# Subspace topology in $R$

I am new to topology and I want to understand this example from wikipedia about subspace topology.

The example is:

Let $S = [0, 1)$ be a subspace of the real line $R$. Then $[0, 1/2)$ is open in $S$ but not in $R$. Likewise $[½, 1)$ is closed in $S$ but not in $R$. $S$ is both open and closed as a subset of itself but not as a subset of $R$.

I cannot understand the part where it says:

Likewise $[½, 1)$ is closed in $S$ but not in $R$.

Does the phrase mean the it is closed in $S$ but open in $R$? I hope someone can help me understand it better.

Thank you.

• No, the phrase does not imply that $[1/2,1)$ is open in $\mathbb{R}$. Just to make sure that you understand, there are sets which are neither open nor closed in $\mathbb{R}$. Hence, a set which is not closed does not have to be open. And vice versa. Mar 22 '15 at 8:18
• I understand now. Thanks a lot. Mar 22 '15 at 8:30

## 3 Answers

Usee the fact that

Let $Y$ be a subspace of a topological space $X$. Then a set $A$ is closed in $Y$ if and only if it equals the intersection of a closed set of $X$ with $Y$.

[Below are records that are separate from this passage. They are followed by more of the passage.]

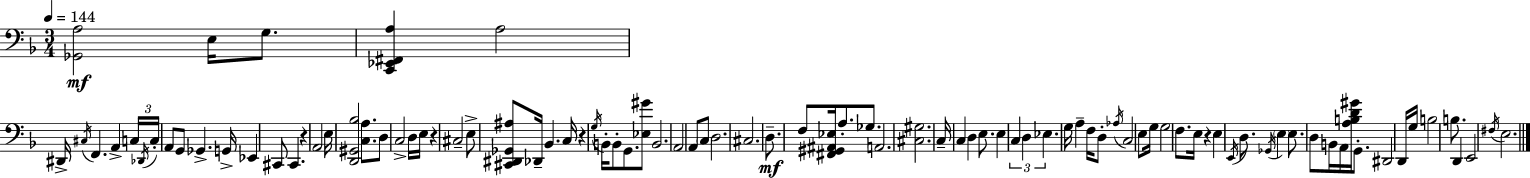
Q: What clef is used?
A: bass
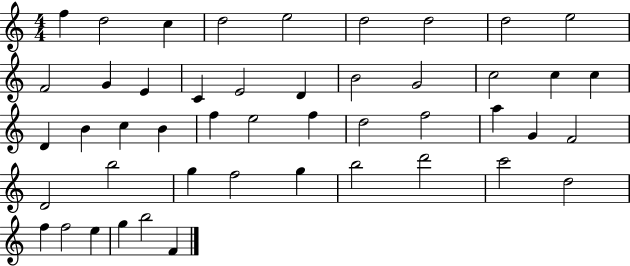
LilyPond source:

{
  \clef treble
  \numericTimeSignature
  \time 4/4
  \key c \major
  f''4 d''2 c''4 | d''2 e''2 | d''2 d''2 | d''2 e''2 | \break f'2 g'4 e'4 | c'4 e'2 d'4 | b'2 g'2 | c''2 c''4 c''4 | \break d'4 b'4 c''4 b'4 | f''4 e''2 f''4 | d''2 f''2 | a''4 g'4 f'2 | \break d'2 b''2 | g''4 f''2 g''4 | b''2 d'''2 | c'''2 d''2 | \break f''4 f''2 e''4 | g''4 b''2 f'4 | \bar "|."
}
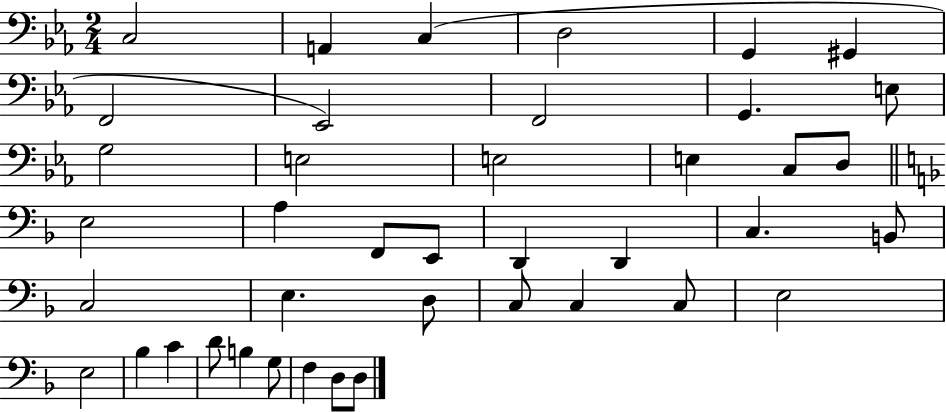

Clearly $[\frac{1}{2},1)=[\frac{1}{2},1]\cap S$ is the intersection of a closed subset of $\Bbb R$ with $S$ and so $[\frac{1}{2},1)$ is closed in $S$. But $[\frac{1}{2},1)$ is not closed in $\Bbb R$ as $1$ is the limit point of that set which do not belong to that set (or, the complement $\Bbb R\setminus [\frac{1}{2},1)=(-\infty,\frac{1}{2})\cup[1,\infty)$ is not open in $\Bbb R$).

• Thank you very much for your help Mar 22 '15 at 8:29

A set is said to be open if its complement is closed and vice versa. So if we consider $S\setminus [\dfrac{1}{2},1)$ then

$S\setminus [\dfrac{1}{2},1)=[0,\dfrac{1}{2})$ which is open in $S$. Hence $[\dfrac{1}{2},1)$ is closed in $S$. But this set is not closed in $\mathbb{R}$ because $\mathbb{R}\setminus[\dfrac{1}{2},1)=(-\infty,\dfrac{1}{2})\cup[1,\infty)$.

Consider $S\setminus [1/2,1)$. $S\setminus [1/2,1)=[0,1/2)$ is open in $S$. So $[1/2,1)$ is closed in $S$ (since complement of $[1/2,1)$ in $S$ is open in $S$). But $[1/2,1)$ is not closed in $\mathbb{R}$ since $1$ is a limit point of $[1/2,1)$ and $1\notin [1/2,1)$.